Si, de manière générale, l’effacement de l’auteur ou du critique -et pourquoi pas du scripteur si vous préférez- me semble plus élégant, aujourd’hui, je vais vous parler à la première personne d’une œuvre qui a véritablement retenu mon attention. Pourquoi ? Parce qu’elle est extrêmement originale. Peut – être unique en son genre. Parce qu’elle s’inscrit à la fois dans la tradition et dans l’inventivité. Parce qu’elle est un parfait exemple de créolisation puisqu’elle associe la technique de broderie de Lunéville, quartier de Nancy en France et l’imagerie haïtienne, déjà elle-même syncrétique puisqu’elle fusionne des représentations de personnages bibliques et du panthéon vaudou. Il s’agit des oriflammes de Myrlande Constant.
Myrlande Constant est une artiste haïtienne et autodidacte, formée par sa mère mais aussi dans le cadre de son emploi dans une entreprise de broderie de robes de mariée. Elle n’utilise donc pas la technique des ateliers de fabrication de drapo vaudou. Elle ne coud pas de paillettes mais pratique le perlage, c’est-à-dire qu’elle fixe de petites perles rondes préalablement enfilées, au moyen d’un crochet. Comme elle travaille le revers de l’œuvre, elle ne voit pas directement l’image se construire.

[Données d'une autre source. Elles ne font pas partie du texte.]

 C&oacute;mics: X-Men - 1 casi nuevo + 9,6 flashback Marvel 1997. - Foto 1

Son inspiration la rattache cependant à la tradition des drapo vaudou. Les oriflammes brodées font partie du rituel. Dans son article Art du vaudou haïtien entre toiles et oriflammes publié dans le cadre d’une exposition du Centre culturel du Marin en 1993, Michèle Baj –Strobel signale que les premières attestations de l’existence des oriflammes, dans un ouvrage de Paul Reboux, Blancs et noirs carnets de voyage, remontent à 1915. Une photographie d’un autel Agwè, prise en 1930 par Harold Coulander, confirme la présence de peintures murales, d’oriflammes et de chromos dans les lieux de culte. Par la suite, une production non destinée au culte, spécialement conçue pour le marché étranger s’est développée. Puis des artistes contemporains, comme Edouard Duval Carrié, Pierre Barra, Dubreus Lherisson, David Boyer se sont également emparé de cette forme plastique en la reconfigurant.

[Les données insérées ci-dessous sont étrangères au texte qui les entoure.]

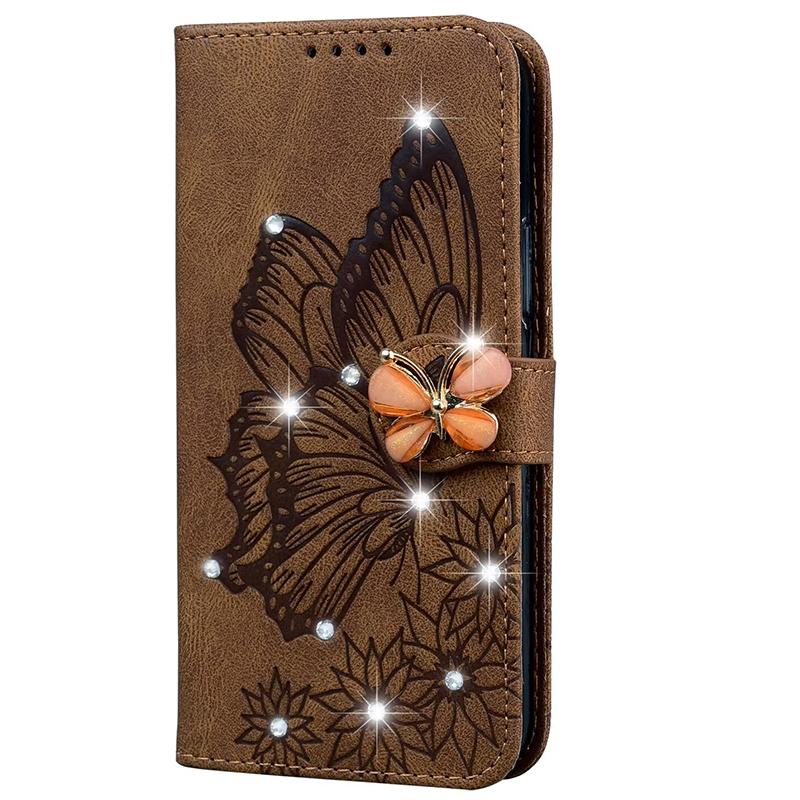 Shiny Glitter Wallet Leather Case For Samsung Galaxy S26 Ultra S25 S24 FE S23 S22 Plus A15 A16 A26 A36 A56 A34 A54 A55 A37 A57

Dans un numéro du nouvelliste de mars 2018, Gérald Alexis explique que Pierrot Barra (1942–1999), prêtre vodou et président de société secrète, qui fabriquait des drapo vaudou avait voulu développer son travail en trois dimensions et avait créé ce qu’il appelait des reposoirs. Ce sont des assemblages rembourrés de tissus, de rubans, auxquels sont ajoutés miroirs et têtes de poupées. David Boyer, pour sa part, introduit l’usage des boutons.
Les créations de Myrlande Constant sont généralement de très grande taille et ont une composition similaire à celle des tapis. Une bordure principale, décorée de motifs abstraits ou symboliques, entourée de deux bordures plus fines, les bordures secondaires intérieure et extérieure, encadrent une image figurative qui constitue le motif central. Ces scènes sont inspirées du panthéon vaudou ou de scènes bibliques. Il peut s’agir d’un personnage central en majesté ou de scènes plus complexes avec une multiplicité de petits personnages de taille différente et des éléments de décor. L’une d’entre elles présente une amorce de perspective avec ses murs obliques et l’orientation des petits cercueils du fond. Des lettres brodées accompagnent souvent l’image, souvent le nom et la qualification du personnage représenté ainsi que la signature dont le S ou le N se retrouvent parfois inversés en raison sans doute de la réalisation de l’œuvre sur l’envers.
C’est un corpus d’oeuvres très riche, diversifié et original qu’une analyse approfondie contribuerait à mieux comprendre et diffuser.